*** TASK MATERIAL Section Begins ***

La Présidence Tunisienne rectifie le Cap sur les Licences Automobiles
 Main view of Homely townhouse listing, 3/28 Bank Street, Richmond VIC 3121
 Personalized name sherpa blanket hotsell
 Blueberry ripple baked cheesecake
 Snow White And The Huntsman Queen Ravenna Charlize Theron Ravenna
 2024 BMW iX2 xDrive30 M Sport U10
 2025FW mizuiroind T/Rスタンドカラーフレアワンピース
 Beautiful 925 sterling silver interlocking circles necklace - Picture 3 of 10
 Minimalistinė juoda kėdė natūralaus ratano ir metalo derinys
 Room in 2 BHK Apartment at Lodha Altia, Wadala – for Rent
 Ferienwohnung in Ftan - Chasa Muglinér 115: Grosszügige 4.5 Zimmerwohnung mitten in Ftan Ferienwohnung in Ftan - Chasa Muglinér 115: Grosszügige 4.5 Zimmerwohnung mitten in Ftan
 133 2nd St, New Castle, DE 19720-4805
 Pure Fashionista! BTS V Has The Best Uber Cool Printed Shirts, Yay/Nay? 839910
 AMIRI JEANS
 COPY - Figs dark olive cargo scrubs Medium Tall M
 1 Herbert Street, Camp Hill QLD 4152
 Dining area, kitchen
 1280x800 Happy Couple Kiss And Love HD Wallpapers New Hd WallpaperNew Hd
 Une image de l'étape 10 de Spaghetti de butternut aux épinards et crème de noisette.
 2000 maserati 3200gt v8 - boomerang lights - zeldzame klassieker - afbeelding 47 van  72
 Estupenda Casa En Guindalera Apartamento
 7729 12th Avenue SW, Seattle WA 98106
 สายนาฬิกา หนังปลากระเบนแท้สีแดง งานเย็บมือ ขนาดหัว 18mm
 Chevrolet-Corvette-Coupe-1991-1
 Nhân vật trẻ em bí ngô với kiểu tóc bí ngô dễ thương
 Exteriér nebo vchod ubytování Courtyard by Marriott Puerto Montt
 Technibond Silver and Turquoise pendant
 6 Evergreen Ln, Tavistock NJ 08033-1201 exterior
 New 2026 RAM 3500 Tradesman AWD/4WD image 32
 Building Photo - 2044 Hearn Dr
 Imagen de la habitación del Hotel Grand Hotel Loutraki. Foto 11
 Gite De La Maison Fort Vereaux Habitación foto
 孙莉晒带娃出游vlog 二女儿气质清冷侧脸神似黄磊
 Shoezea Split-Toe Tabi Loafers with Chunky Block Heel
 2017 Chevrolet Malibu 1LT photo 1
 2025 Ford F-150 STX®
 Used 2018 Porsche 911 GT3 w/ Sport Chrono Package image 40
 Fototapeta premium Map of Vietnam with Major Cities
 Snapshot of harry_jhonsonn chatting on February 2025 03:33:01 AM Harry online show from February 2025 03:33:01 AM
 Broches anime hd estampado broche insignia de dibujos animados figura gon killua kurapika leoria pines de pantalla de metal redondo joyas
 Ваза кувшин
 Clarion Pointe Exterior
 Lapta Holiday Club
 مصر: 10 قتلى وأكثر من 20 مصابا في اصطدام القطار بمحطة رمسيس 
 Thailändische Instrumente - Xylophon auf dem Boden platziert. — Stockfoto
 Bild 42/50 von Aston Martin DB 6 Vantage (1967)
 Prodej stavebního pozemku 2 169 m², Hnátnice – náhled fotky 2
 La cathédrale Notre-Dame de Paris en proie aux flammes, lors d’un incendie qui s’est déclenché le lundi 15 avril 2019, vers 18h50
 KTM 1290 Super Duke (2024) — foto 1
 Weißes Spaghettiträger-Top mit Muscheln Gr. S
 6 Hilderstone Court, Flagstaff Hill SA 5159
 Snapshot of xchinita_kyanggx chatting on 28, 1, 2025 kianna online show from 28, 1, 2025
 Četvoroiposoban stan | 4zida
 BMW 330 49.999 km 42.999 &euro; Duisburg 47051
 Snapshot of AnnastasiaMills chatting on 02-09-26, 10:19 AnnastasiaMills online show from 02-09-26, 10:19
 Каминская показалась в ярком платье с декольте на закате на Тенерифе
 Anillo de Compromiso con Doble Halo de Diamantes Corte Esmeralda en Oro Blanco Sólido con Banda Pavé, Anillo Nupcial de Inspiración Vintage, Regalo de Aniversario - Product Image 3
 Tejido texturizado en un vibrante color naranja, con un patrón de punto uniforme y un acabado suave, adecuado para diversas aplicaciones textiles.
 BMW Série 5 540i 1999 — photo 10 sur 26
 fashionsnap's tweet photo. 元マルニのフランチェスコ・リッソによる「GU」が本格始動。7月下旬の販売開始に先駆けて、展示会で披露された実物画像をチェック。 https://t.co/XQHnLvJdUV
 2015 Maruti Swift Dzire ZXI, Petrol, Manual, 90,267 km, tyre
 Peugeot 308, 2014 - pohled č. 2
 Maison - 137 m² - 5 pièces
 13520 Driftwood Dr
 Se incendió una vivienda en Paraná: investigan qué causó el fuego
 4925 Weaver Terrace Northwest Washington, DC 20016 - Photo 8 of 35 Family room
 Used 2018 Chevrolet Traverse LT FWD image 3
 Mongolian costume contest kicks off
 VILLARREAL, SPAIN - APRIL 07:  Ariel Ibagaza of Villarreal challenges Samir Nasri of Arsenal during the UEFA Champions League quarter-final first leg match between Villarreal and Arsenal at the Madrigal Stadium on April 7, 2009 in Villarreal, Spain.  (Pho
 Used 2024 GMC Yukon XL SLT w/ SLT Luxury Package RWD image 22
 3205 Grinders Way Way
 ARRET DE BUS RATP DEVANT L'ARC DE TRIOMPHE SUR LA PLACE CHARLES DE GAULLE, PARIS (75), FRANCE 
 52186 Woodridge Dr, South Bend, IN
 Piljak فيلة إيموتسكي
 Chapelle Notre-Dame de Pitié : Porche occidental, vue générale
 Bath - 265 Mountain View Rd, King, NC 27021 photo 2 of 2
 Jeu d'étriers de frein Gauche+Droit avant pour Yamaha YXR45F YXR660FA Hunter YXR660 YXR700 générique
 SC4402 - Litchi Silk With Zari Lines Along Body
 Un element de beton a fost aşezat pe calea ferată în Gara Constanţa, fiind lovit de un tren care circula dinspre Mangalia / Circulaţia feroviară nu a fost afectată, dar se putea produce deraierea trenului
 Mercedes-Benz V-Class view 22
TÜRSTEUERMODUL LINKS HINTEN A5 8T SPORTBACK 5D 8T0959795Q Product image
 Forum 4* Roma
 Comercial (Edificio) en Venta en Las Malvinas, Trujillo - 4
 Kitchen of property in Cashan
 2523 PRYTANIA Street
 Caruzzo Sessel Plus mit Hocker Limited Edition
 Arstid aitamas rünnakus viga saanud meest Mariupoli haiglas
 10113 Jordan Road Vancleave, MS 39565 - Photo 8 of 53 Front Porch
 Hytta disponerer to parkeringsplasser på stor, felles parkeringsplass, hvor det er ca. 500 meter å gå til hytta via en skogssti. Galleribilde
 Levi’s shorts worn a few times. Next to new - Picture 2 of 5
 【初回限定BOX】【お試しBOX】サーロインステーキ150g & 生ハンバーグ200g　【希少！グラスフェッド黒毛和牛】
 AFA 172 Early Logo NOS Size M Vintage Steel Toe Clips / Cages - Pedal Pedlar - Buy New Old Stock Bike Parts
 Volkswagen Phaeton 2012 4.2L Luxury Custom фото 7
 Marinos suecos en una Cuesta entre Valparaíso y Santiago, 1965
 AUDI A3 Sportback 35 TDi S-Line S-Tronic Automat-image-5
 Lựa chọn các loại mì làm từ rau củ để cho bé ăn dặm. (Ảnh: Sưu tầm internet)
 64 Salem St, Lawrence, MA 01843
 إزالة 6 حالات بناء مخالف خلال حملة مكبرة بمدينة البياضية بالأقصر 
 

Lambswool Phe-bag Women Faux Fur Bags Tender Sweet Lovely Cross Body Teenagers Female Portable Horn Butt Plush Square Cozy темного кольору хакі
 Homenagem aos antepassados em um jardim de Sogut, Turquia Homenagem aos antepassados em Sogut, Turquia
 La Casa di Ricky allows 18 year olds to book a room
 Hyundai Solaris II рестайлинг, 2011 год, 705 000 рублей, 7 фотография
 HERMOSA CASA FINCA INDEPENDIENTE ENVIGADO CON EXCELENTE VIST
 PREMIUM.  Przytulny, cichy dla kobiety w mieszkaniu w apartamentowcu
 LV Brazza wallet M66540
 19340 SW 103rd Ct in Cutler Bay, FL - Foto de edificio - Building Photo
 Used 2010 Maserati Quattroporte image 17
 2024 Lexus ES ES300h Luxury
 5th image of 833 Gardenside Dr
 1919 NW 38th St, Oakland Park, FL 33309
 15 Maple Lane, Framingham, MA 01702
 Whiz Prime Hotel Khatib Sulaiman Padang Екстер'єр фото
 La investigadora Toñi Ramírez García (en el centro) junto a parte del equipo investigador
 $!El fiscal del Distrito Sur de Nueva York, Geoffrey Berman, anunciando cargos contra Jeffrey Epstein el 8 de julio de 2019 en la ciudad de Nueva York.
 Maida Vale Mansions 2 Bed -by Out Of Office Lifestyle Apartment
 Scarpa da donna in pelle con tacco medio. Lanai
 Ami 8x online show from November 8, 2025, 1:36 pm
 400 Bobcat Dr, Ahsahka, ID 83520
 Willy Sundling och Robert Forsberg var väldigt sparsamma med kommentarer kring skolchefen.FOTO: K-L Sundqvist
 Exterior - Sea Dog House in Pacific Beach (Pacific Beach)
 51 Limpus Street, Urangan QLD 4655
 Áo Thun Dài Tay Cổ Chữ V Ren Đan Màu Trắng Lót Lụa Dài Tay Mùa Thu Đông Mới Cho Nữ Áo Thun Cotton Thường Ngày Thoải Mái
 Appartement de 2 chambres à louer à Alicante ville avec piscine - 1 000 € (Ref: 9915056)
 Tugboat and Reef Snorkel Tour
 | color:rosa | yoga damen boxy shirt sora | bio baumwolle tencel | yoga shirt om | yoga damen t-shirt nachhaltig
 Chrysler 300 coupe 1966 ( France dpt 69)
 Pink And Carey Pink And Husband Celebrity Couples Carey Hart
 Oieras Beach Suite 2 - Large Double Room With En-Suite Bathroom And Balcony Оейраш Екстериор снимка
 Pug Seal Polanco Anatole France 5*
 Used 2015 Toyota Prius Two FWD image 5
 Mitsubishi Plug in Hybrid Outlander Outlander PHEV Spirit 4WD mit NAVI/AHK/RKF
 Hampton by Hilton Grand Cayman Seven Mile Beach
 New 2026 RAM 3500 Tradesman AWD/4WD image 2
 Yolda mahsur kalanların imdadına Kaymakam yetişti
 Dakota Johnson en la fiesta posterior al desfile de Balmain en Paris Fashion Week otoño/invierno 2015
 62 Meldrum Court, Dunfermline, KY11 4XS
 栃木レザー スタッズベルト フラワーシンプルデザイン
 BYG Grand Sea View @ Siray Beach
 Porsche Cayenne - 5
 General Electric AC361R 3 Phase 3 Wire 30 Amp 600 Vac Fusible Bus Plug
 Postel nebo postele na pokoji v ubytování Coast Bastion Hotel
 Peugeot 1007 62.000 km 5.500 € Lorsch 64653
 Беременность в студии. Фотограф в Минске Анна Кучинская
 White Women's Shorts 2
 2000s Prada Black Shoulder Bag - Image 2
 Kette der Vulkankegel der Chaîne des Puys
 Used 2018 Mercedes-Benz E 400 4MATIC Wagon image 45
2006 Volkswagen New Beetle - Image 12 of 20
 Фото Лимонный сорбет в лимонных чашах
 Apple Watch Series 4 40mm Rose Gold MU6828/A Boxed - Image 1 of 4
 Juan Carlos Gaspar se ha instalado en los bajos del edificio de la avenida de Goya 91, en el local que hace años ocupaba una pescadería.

*** TASK MATERIAL Section Ends ***

▶ PROMPT
From the opening line of the data above through the line holding "Blueberry ripple baked cheesecake", give every line again exactly as it stands.

▶ RESULT OF THIS EXERCISE
La Présidence Tunisienne rectifie le Cap sur les Licences Automobiles
 Main view of Homely townhouse listing, 3/28 Bank Street, Richmond VIC 3121
 Personalized name sherpa blanket hotsell
 Blueberry ripple baked cheesecake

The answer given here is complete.